Problem:
Reproduce every line of the data, exactly and without its pictures.

Given information:
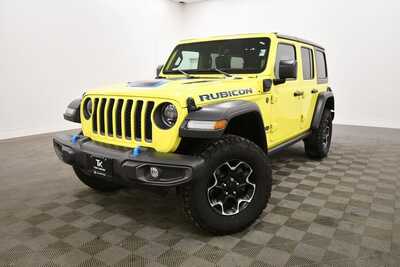 2023 Jeep Wrangler, $35595. Photo 2
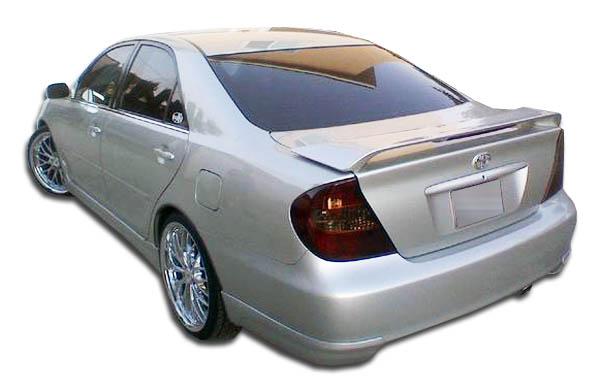 2002-2006 Toyota Camry Duraflex Vortex Rear Lip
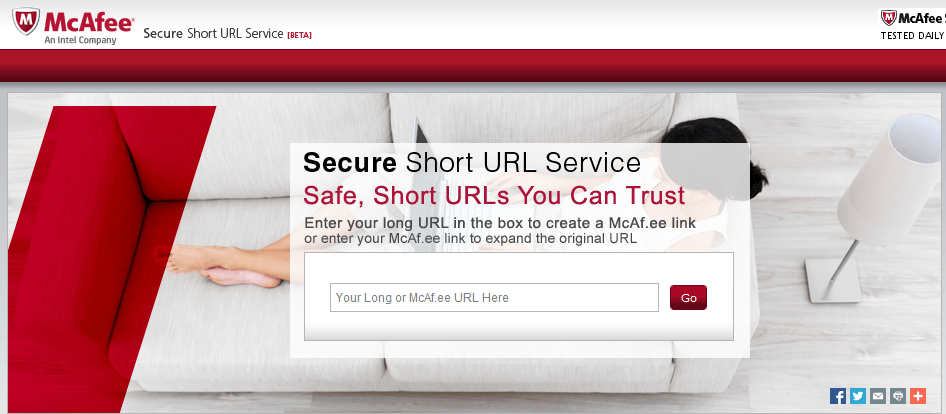 Shortener_Service_mcafee-kadva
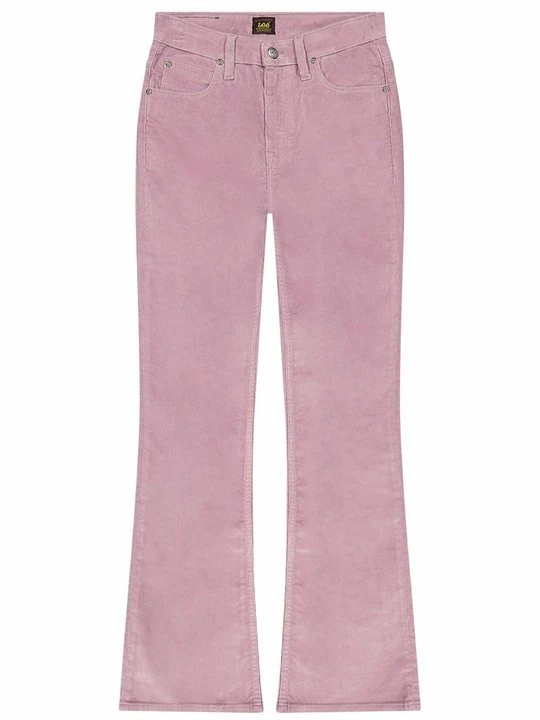 Zdjęcie produktu Jeansy Bootcut Lee różowy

Output of the exercise:
 2023 Jeep Wrangler, $35595. Photo 2
 2002-2006 Toyota Camry Duraflex Vortex Rear Lip
 Shortener_Service_mcafee-kadva
 Zdjęcie produktu Jeansy Bootcut Lee różowy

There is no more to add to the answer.